‘Truth can be transformative': Veterans team with songwriter to share stories of war
WASHINGTON — Retired Marine Corps Maj. Jennifer Marino came face to face with acclaimed folk singer Mary Gauthier by chance.
At the last minute, a slot opened in a songwriting session at the veterans retreat in Bluemont, Va., where Marino volunteered. She took it, marking the start of a years-long relationship with Gauthier that would result in several co-written songs about Marino’s experiences with war and coming home. Two of those songs made it onto “Rifles & Rosary Beads” (Thirty Tigers), an album Gauthier released at the beginning of the year featuring 11 songs written with — and about — veterans and military spouses.
Many of the songs address veterans’ struggles to assimilate to society after service; survivors’ guilt; and camaraderie among servicemembers. In others, the subjects range from sexual trauma to the sacrifices of military families.
In each song — and in each conversation with a veteran to form the lyrics — Gauthier attempted to get to the truth of their experiences and struggles, physically, emotionally and spiritually.
“I think songs, when they contain truth, can be transformative,” Gauthier, 56, said. “I think that writing with people who have trauma and getting as close as we can to that experience in a song, letting the melody help us, can articulate what words alone can’t get to,” she said. “A song can help pave the way back home.”
Marino’s songs, and the others on the album, were written as part of SongwritingWith:Soldiers, which pairs professional songwriters and veterans to help them process their experiences through music. A portion of album sales goes to the nonprofit.
Before Gauthier volunteered with the program, she had a stereotype of a veteran in her mind.

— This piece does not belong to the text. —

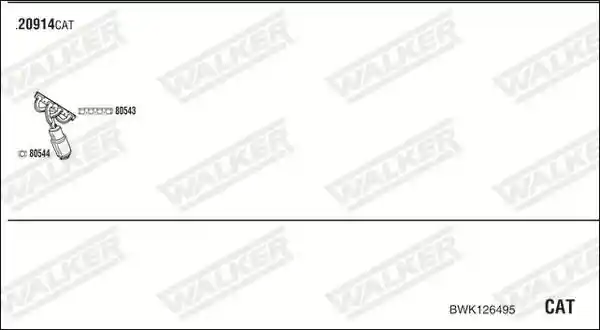 WALKER BWK126495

Marino didn’t fit that preconception — neither did any of the other veterans Gauthier worked with on songs.
She believes her album has the power to share the voices of veterans not typically heard — ones that differ from Hollywood’s depictions and her own.
PopMatters, an international online magazine, said the album — Gauthier’s 11th — “may be one of 2018’s most important albums.”

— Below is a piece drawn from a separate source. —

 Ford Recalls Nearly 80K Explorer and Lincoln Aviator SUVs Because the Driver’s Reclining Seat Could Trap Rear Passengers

“Our image of a veteran is stuck in time,” Gauthier said. “We need an update. We need a reality check here.”
‘Soldiering On’ The first time Gauthier and Marino collaborated in a songwriting session, the result was “Soldiering On,” the introductory song on “Rifles & Rosary Beads.”
Marino, 41, is a retired CH-46 helicopter pilot who served multiple tours in Iraq in the early 2000s. Following her retirement, she’s spent much of her time working with veterans with post-traumatic stress disorder and other combat-related illnesses and injuries. “Soldiering On” was based on Marino’s observations about the mission-focused drive in servicemembers that becomes a detriment when they return to civilian life.

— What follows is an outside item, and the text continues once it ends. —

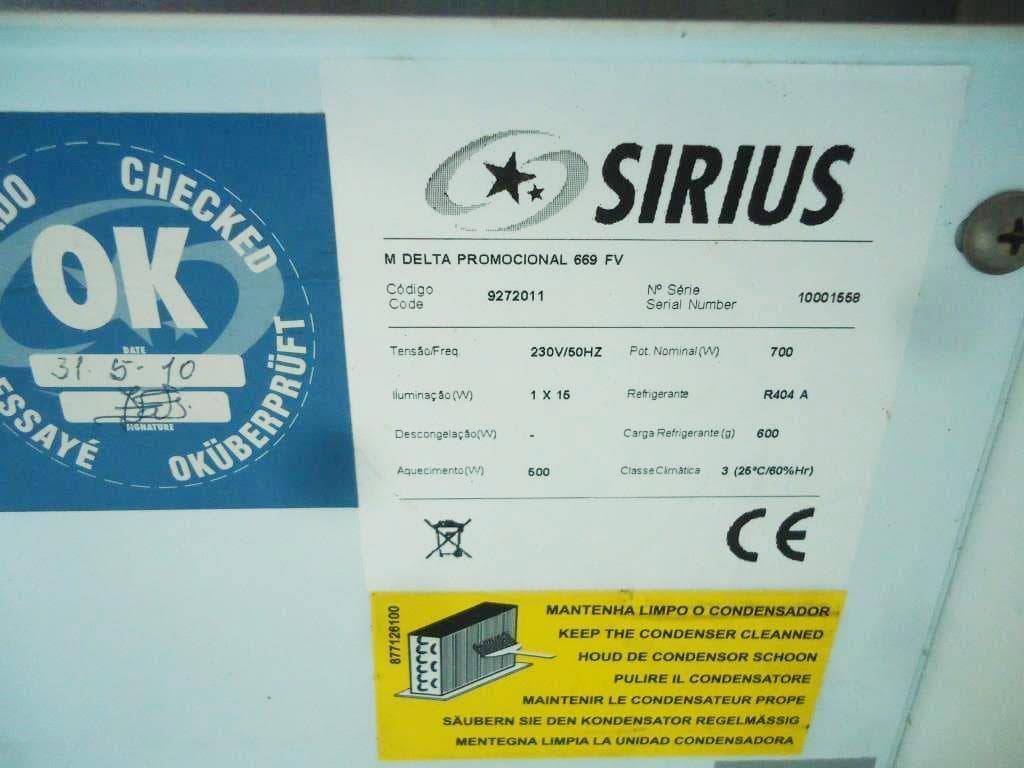 Expositor refrigerado Sirius — imagen 8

“You don’t fight for yourself You fight for the ones by your side They do the same for you And to live you must be willing to die But what saves you in the battle Can kill you at home A soldier, soldiering on” — “Soldiering On”
“It’s a larger statement about the experience of a lot of veterans, who struggle to reach out because in the military they tend to be instilled with this mindset of, ‘You suck it up, drive on, do the mission,’ ” Marino said.
The next time they worked together was after Marino sought out Gauthier in Nashville, the musician’s home. Marino wanted to write about the helicopter crash in Iraq that killed a friend, a former student and five others.
The helicopter, Morphine 1-2, was hit by insurgents and crashed Feb. 7, 2007, near Fallujah, in Anbar province. It was piloted by Marine Capt. Jennifer Harris, 28. First Lt. Jared Landaker, 25, was the co-pilot.
Three other Marines died: Sgt. James Tijerina, Cpl. Thomas Saba and Sgt. Travis Pfister. Two Navy corpsmen were killed — Petty Office First Class Gilbert Minjares Jr., and Petty Officer Third Class Manuel Ruiz.
At the time, Marino was working as a flight instructor in California. She had helped train Landaker. She had made plans to see Harris when she returned home. The flight was intended to be Harris’ last in Iraq — her tour was scheduled to end the following week, Marino said.
“When they were lost, it just shook me,” she said. “I had wanted to go over there and join their squadron because I knew they were short on pilots. So there was this feeling of, ‘I wish I had been there, done something, gone in their place.’ ”
Marino wanted to get that feeling down on paper and into a song. The result was “Morphine 1-2,” which describes Harris and Landaker, as well as the guilt Marino felt about their deaths.
“My head knows but my heart can’t see It’s not like it should have been me But I wish that I had been there on that day Even now, I’d take their place” — “Morphine 1-2”
“By telling that personal story, I was reaching out to everyone else who struggles with that sense of loss and guilt and ‘Why did I come home and they didn’t get to?’ ” Marino said. “I also think this was my way of honoring the seven.”
Unexpected connection During songwriting retreats, Gauthier spent hours in conversation with veterans. Over the course of a weekend, they wrote lyrics that Gauthier paired with melodies.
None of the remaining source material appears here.